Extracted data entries
- - - - -
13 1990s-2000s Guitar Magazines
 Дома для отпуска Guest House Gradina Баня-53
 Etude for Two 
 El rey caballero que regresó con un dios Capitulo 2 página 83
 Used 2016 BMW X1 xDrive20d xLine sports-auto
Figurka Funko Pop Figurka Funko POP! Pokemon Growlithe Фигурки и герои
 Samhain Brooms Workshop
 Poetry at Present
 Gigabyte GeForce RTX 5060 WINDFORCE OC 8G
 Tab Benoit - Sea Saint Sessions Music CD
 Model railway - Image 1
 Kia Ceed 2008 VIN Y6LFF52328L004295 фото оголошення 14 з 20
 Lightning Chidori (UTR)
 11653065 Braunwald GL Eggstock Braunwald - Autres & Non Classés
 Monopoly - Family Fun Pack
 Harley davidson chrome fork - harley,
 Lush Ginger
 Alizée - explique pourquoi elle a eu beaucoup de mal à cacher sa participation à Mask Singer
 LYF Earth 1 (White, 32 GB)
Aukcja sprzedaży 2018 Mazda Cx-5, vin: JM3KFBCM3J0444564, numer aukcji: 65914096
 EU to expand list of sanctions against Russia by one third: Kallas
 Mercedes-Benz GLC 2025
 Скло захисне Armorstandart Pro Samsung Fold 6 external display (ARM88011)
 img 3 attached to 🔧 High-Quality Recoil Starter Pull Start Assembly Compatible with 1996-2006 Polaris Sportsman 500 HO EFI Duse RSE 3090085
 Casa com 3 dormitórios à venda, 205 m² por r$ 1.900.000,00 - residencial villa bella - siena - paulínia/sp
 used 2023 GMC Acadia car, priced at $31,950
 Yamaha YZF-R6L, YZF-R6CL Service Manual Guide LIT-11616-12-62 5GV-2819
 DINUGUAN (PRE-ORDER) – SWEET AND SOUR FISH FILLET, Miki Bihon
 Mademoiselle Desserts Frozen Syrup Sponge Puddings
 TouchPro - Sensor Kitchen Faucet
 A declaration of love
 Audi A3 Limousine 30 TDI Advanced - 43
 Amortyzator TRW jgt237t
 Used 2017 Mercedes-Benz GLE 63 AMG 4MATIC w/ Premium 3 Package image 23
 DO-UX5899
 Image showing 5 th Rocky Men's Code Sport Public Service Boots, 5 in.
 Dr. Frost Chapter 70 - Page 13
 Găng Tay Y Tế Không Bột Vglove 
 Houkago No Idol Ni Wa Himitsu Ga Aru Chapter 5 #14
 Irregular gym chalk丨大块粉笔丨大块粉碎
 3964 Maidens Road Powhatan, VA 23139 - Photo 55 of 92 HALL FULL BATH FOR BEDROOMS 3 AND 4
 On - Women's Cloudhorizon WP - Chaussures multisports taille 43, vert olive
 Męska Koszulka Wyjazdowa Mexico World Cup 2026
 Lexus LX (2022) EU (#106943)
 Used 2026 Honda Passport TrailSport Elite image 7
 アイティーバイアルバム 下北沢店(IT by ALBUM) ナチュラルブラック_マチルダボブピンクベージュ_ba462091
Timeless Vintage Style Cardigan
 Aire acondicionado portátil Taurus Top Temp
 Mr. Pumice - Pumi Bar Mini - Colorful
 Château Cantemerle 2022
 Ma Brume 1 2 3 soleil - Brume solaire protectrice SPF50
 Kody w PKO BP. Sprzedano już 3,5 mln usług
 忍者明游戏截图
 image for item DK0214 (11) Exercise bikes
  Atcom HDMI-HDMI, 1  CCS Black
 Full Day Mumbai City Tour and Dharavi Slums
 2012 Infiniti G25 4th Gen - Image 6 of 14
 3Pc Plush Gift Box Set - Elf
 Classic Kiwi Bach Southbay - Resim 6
- - - - -
• Aim of the task: Your reply should consist of all the records, set down exactly.

• Answer area:
13 1990s-2000s Guitar Magazines
 Дома для отпуска Guest House Gradina Баня-53
 Etude for Two 
 El rey caballero que regresó con un dios Capitulo 2 página 83
 Used 2016 BMW X1 xDrive20d xLine sports-auto
Figurka Funko Pop Figurka Funko POP! Pokemon Growlithe Фигурки и герои
 Samhain Brooms Workshop
 Poetry at Present
 Gigabyte GeForce RTX 5060 WINDFORCE OC 8G
 Tab Benoit - Sea Saint Sessions Music CD
 Model railway - Image 1
 Kia Ceed 2008 VIN Y6LFF52328L004295 фото оголошення 14 з 20
 Lightning Chidori (UTR)
 11653065 Braunwald GL Eggstock Braunwald - Autres & Non Classés
 Monopoly - Family Fun Pack
 Harley davidson chrome fork - harley,
 Lush Ginger
 Alizée - explique pourquoi elle a eu beaucoup de mal à cacher sa participation à Mask Singer
 LYF Earth 1 (White, 32 GB)
Aukcja sprzedaży 2018 Mazda Cx-5, vin: JM3KFBCM3J0444564, numer aukcji: 65914096
 EU to expand list of sanctions against Russia by one third: Kallas
 Mercedes-Benz GLC 2025
 Скло захисне Armorstandart Pro Samsung Fold 6 external display (ARM88011)
 img 3 attached to 🔧 High-Quality Recoil Starter Pull Start Assembly Compatible with 1996-2006 Polaris Sportsman 500 HO EFI Duse RSE 3090085
 Casa com 3 dormitórios à venda, 205 m² por r$ 1.900.000,00 - residencial villa bella - siena - paulínia/sp
 used 2023 GMC Acadia car, priced at $31,950
 Yamaha YZF-R6L, YZF-R6CL Service Manual Guide LIT-11616-12-62 5GV-2819
 DINUGUAN (PRE-ORDER) – SWEET AND SOUR FISH FILLET, Miki Bihon
 Mademoiselle Desserts Frozen Syrup Sponge Puddings
 TouchPro - Sensor Kitchen Faucet
 A declaration of love
 Audi A3 Limousine 30 TDI Advanced - 43
 Amortyzator TRW jgt237t
 Used 2017 Mercedes-Benz GLE 63 AMG 4MATIC w/ Premium 3 Package image 23
 DO-UX5899
 Image showing 5 th Rocky Men's Code Sport Public Service Boots, 5 in.
 Dr. Frost Chapter 70 - Page 13
 Găng Tay Y Tế Không Bột Vglove 
 Houkago No Idol Ni Wa Himitsu Ga Aru Chapter 5 #14
 Irregular gym chalk丨大块粉笔丨大块粉碎
 3964 Maidens Road Powhatan, VA 23139 - Photo 55 of 92 HALL FULL BATH FOR BEDROOMS 3 AND 4
 On - Women's Cloudhorizon WP - Chaussures multisports taille 43, vert olive
 Męska Koszulka Wyjazdowa Mexico World Cup 2026
 Lexus LX (2022) EU (#106943)
 Used 2026 Honda Passport TrailSport Elite image 7
 アイティーバイアルバム 下北沢店(IT by ALBUM) ナチュラルブラック_マチルダボブピンクベージュ_ba462091
Timeless Vintage Style Cardigan
 Aire acondicionado portátil Taurus Top Temp
 Mr. Pumice - Pumi Bar Mini - Colorful
 Château Cantemerle 2022
 Ma Brume 1 2 3 soleil - Brume solaire protectrice SPF50
 Kody w PKO BP. Sprzedano już 3,5 mln usług
 忍者明游戏截图
 image for item DK0214 (11) Exercise bikes
  Atcom HDMI-HDMI, 1  CCS Black
 Full Day Mumbai City Tour and Dharavi Slums
 2012 Infiniti G25 4th Gen - Image 6 of 14
 3Pc Plush Gift Box Set - Elf
 Classic Kiwi Bach Southbay - Resim 6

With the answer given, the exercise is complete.